# Avg. length of snowmachine



## wally-eye

Does anyone have an idea what the length of the average snowmachine is?

Like if you have access to an enclosed trailer and wanted to drive a machine in there AND be able to secure and latch the door.......

So the average length if the skis were just touching the front wall of the trailer........I know that every machine will have a somewhat different length but I just want a "GENERAL" avg what to figure. Even in feet would work, 5ft, 6ft, 7ft. etc etc. Say I had access to an enclosed trailer that is EXACTLY 8ft long from the front wall to the back doors would the average snowmachine fit???...Might see about getting a beater snowmachine to use ice fishing pulling my Frabill due to all the snow so far this year.

I've owned a couple but that was many years ago.....and my feeble mind is null and void lately :lol:......

Thanks for anyone that responds.

Dan


----------



## Laketrotter

I have a old Phazer and it is just over 8 ft.

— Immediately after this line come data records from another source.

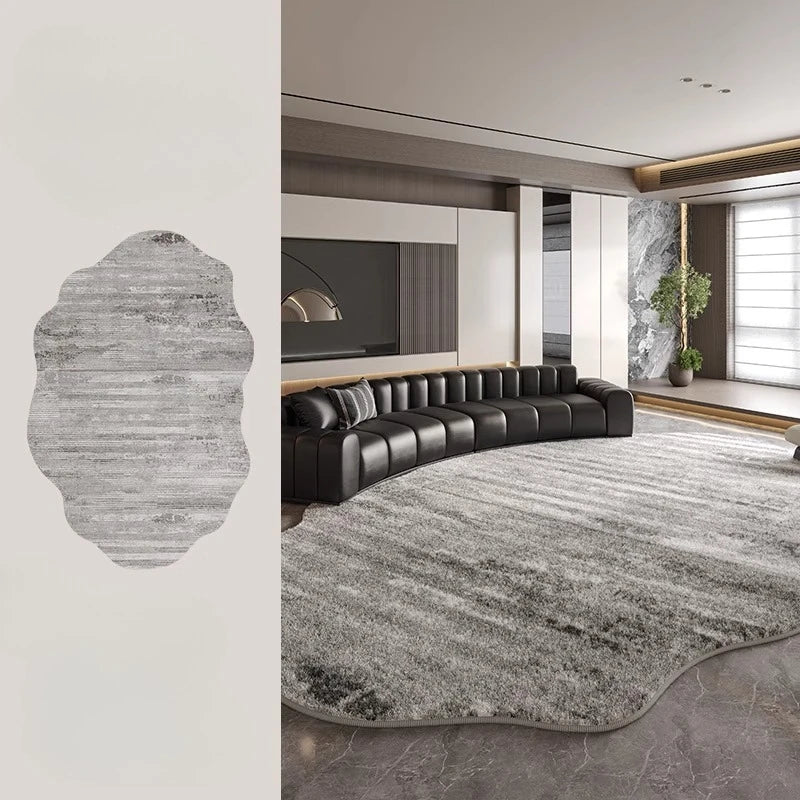 Soft Plush Area Rug Lamp for Bed and Living Room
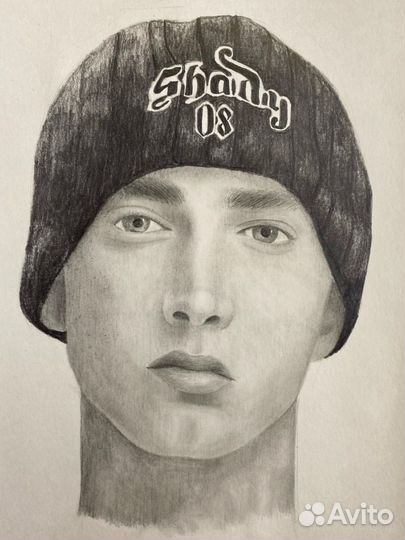 Портрет по фото карандашом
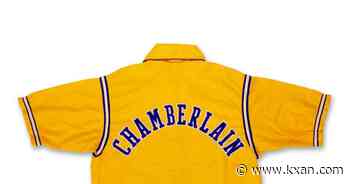 Wilt Chamberlain Lakers jacket found by teen in thrift store bin fetches over $89,000 at auction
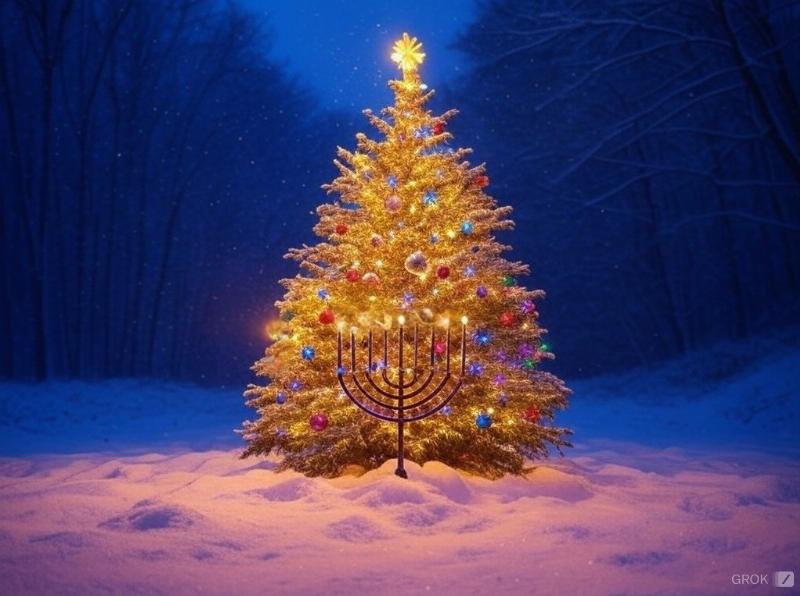 NextImg:Christmas and Hanukkah 2024: A time of promise, miracles, and warnings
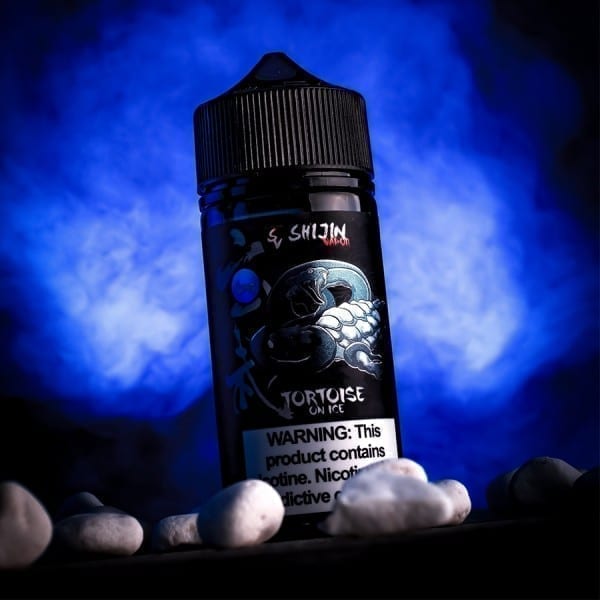 SHIJIN VAPOR – TORTOISE ON ICE 100ml 0mg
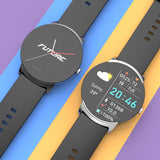KS02 Smart Watch Men Women Heart Rate Blood Pressure Health Monitoring NFC BT Music Fitness Tracker Bracelet Smartwatch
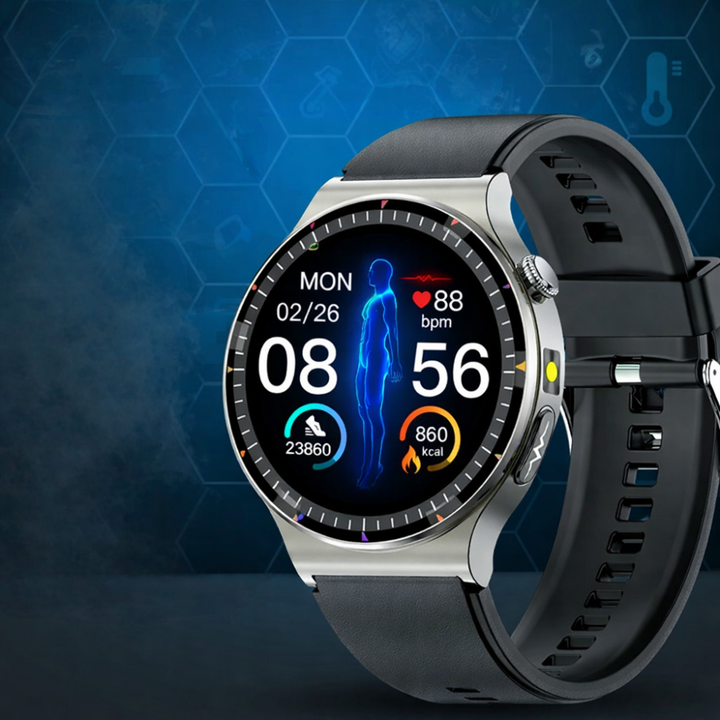 Smart Watch Fitness Tracker Oxygen Monitor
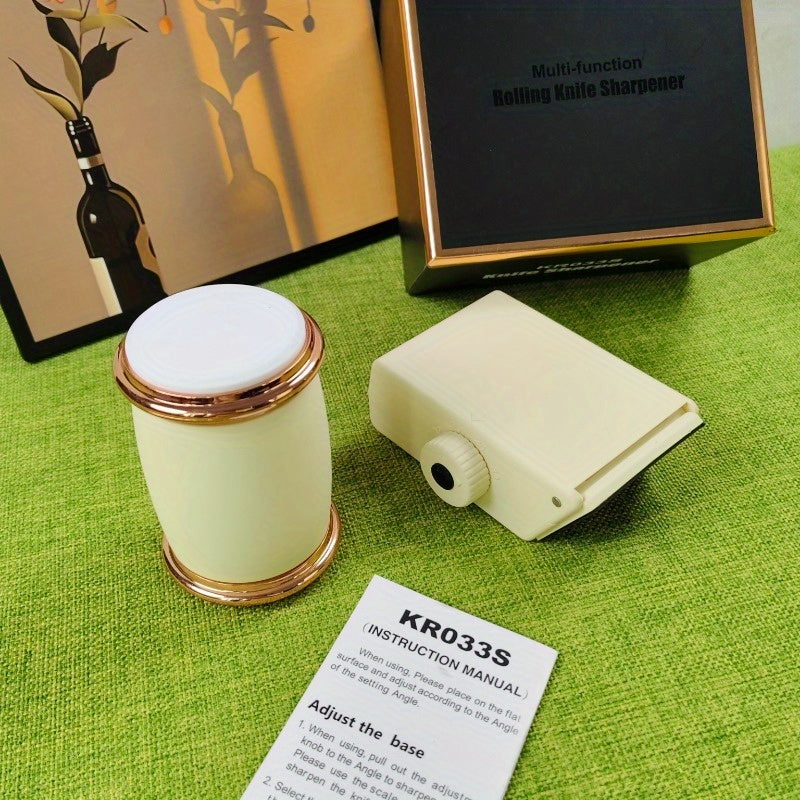 Kuchuk uchun magnit bracket va maydalash toshi bilan sozlanadigan qo'lda aylantiriladigan rulo qattiqlashtiruvchi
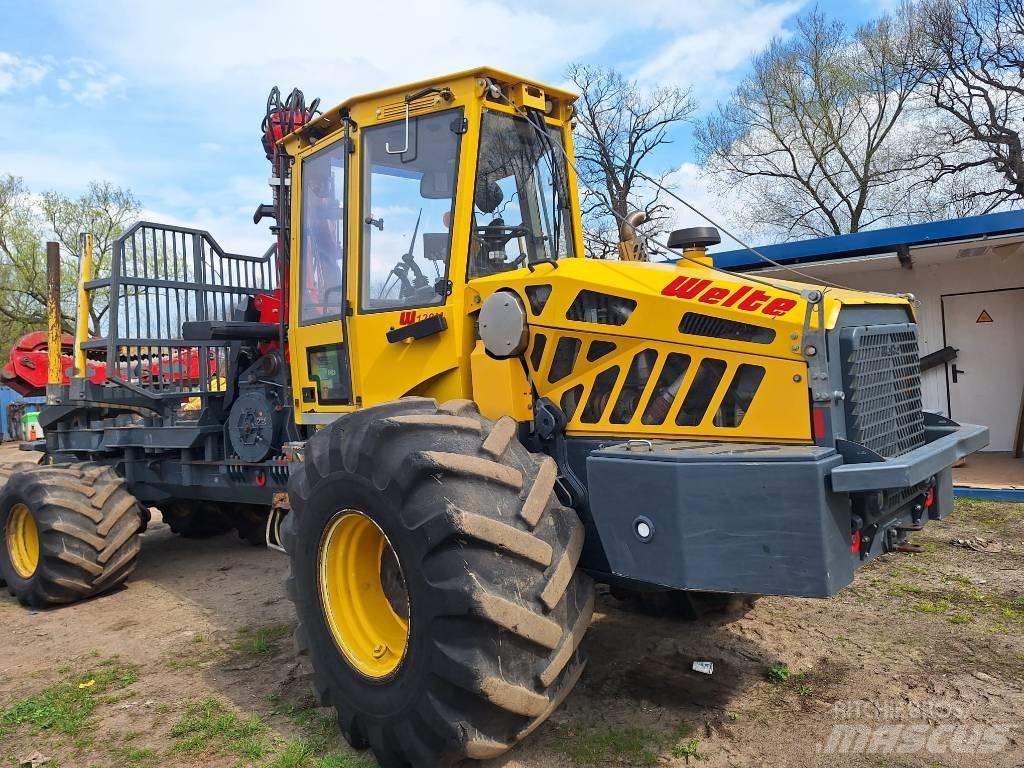 Welte w 130m Stammholzschlepper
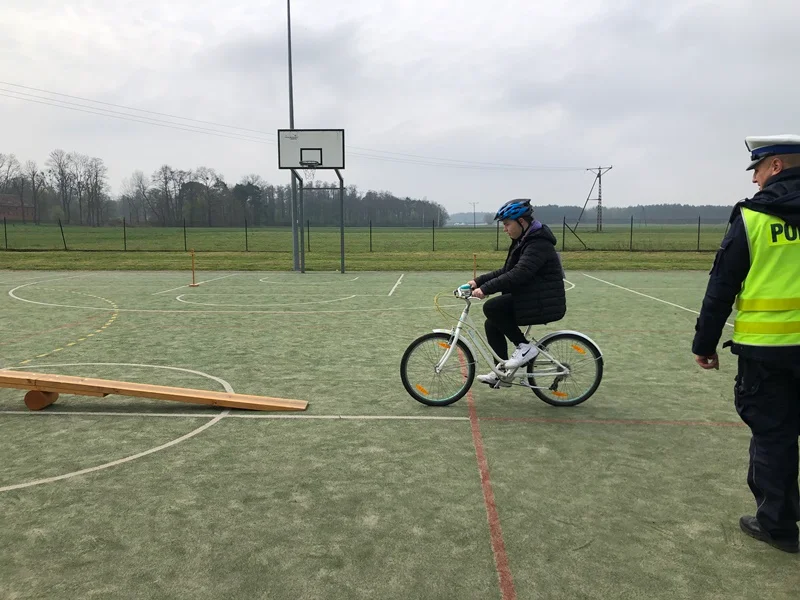 Ogólnopolski Turniej Bezpieczeństwa w Ruchu Drogowym. Finał powiatowy w Chojnie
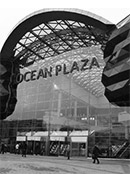 Компания САН ТРЕЙД освещает ТРЦ «OCEAN PLAZA», открытие которого стало главным событием уходящего года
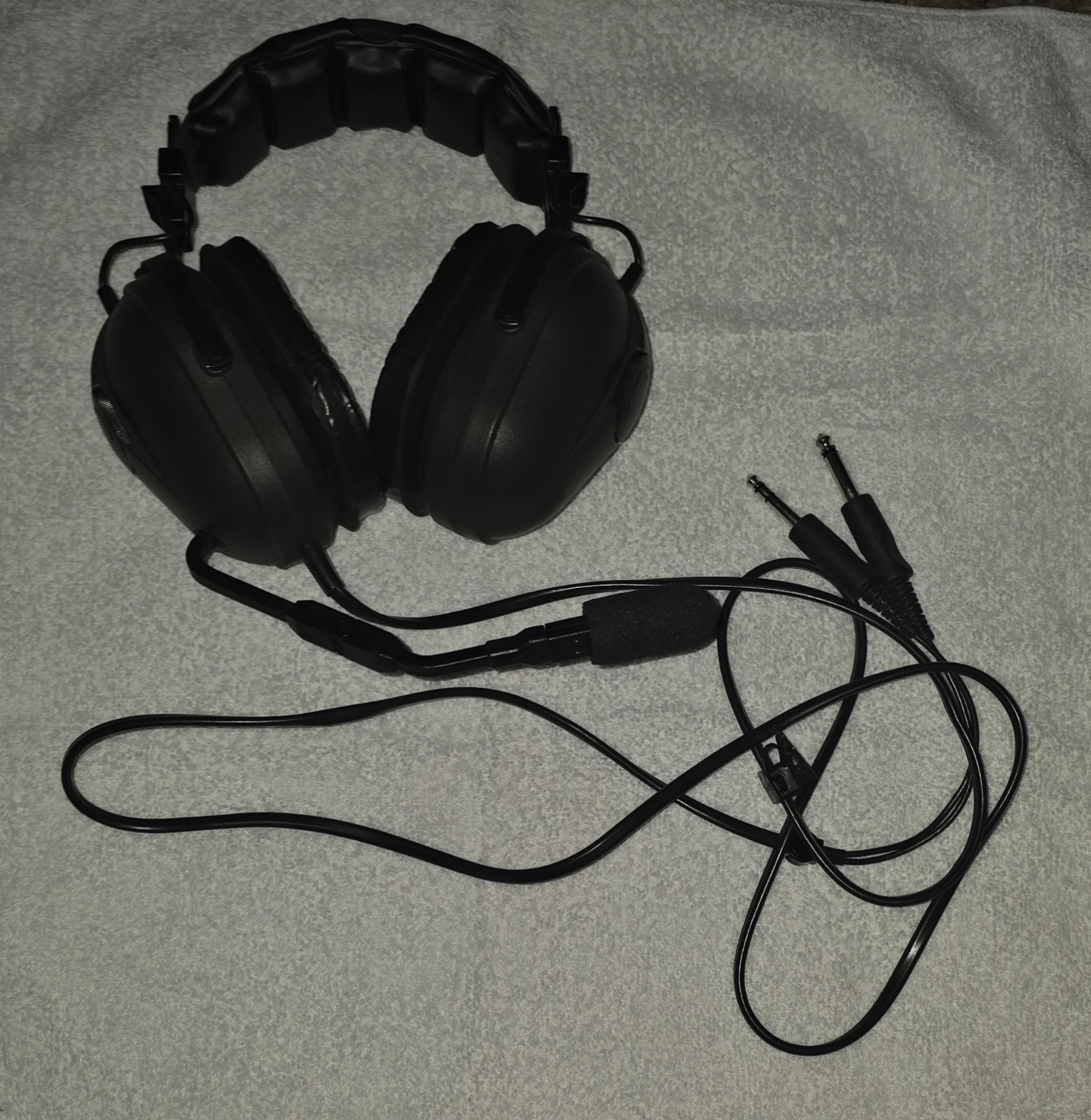 Telex Proair 2000e Aircraft Headset Aviation Communication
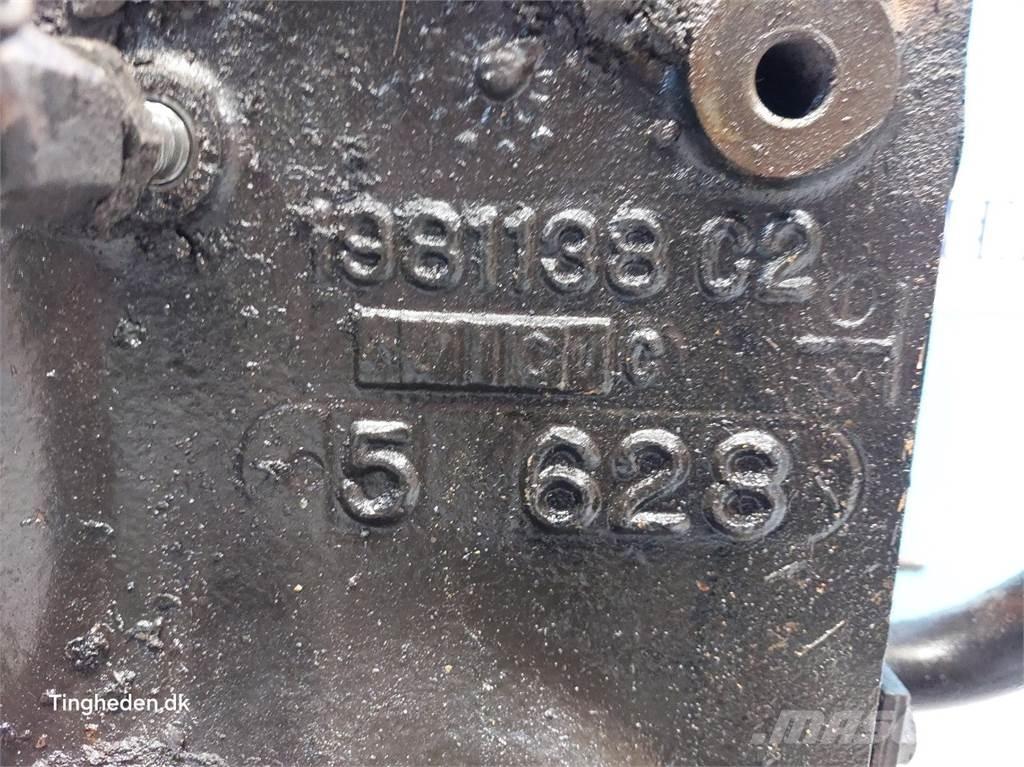 Case IH 7130 Μετάδοση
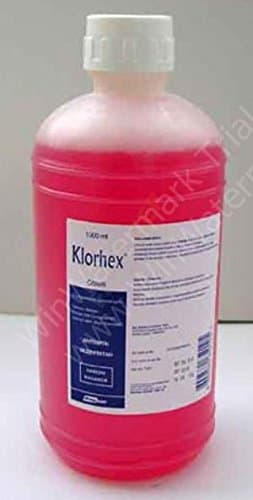 Klorhex %4 Chlorhexidine Scrub Shampoo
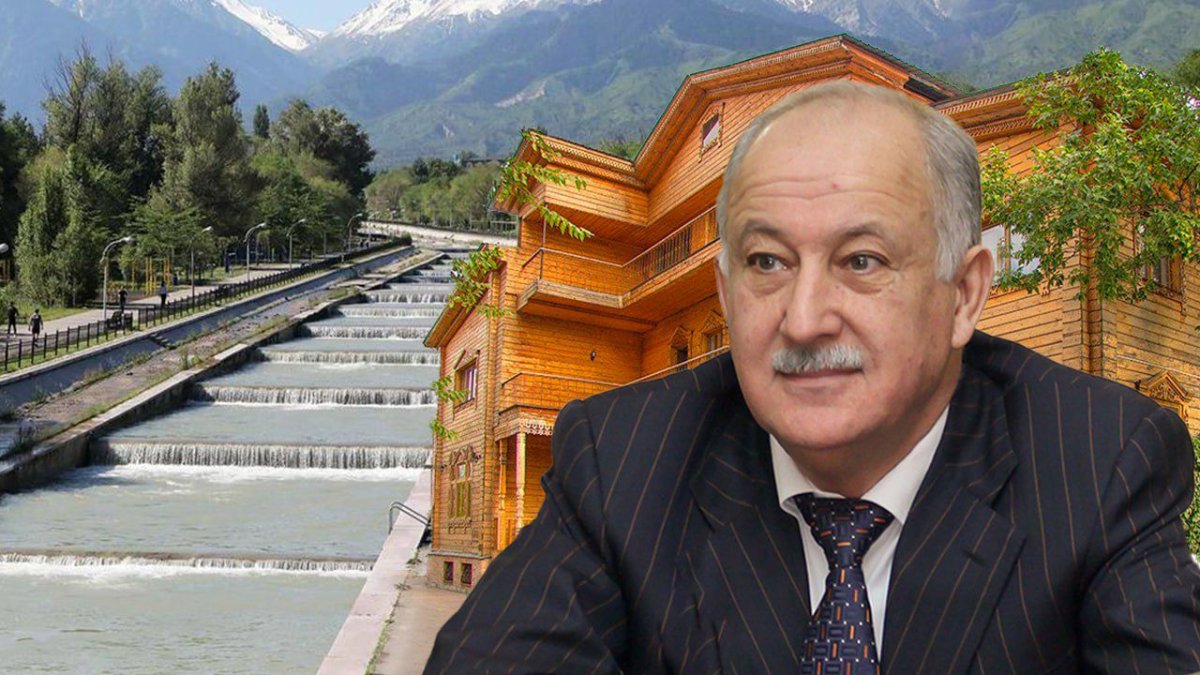 Кому Алматинка по колено, или Почему рестораны «Пугасов» захватили водоохранную зону
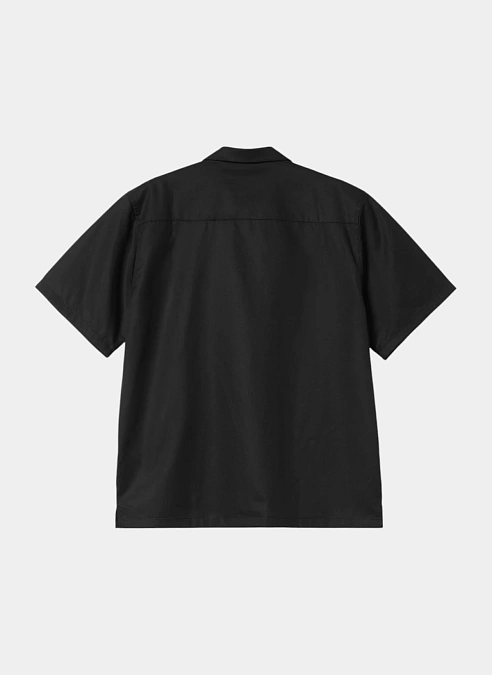 Рубашка S/S Delray Shirt Black / White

A longer trailer gives you a little extra room for gear and make loading a little easier.But a 8 ft. trailer would work, you can angle it a little to make it fit.


----------



## wally-eye

Thanks for that. Right now I have a 5X8 back drop gate utility trailer that would work for an 8ft or slightly longer sled as the front of the trailer is open and the only crossbar across the front is probably 12 inches up.........

Thanks again.

Dan


----------



## SalmonBum

My enclosed is 10'. The short track fits in with room to spare (but not much). The long track uses it all.


----------



## paulywood

I bought a beater snowmobile last year for ice fishing and hauled it in an 8' utility trailer. I couldn't quite put the tailgate on. My sled is an 87 Ski-Doo Formula Plus. I bought a small 4 x 8 trailer this fall that I modified to fit the sled. Have the ski's hanging over the front end a little so it fits. I was looking for a 10' long trailer but got a good deal on this one. If you can stick the ski's out the front and it's a regular, 1 person sled, you should be alright.


----------



## ricochet

Do not know why my first answer was deleted but will try again .Gotta shoot for 10ft. my machine is 10ft to the tip of ski,s. Had the same problem with a 8ft utility trailer ended up having to add 2 ft to the front of trailer. Little heavier on the tongue but works good now


----------



## wally-eye

Thanks guys. Like I said I have a 5X8 back drop gate trailer that I use for my quad. I'm thinking of getting a beater snowmachine just for ice fishing on days when the snows too deep for the quad. As I said the front of the drop gate trailer is basically open and the cross bar is up around 12 inches or so from the floor so the skis would have room to stick out the front.

Thanks guys......


----------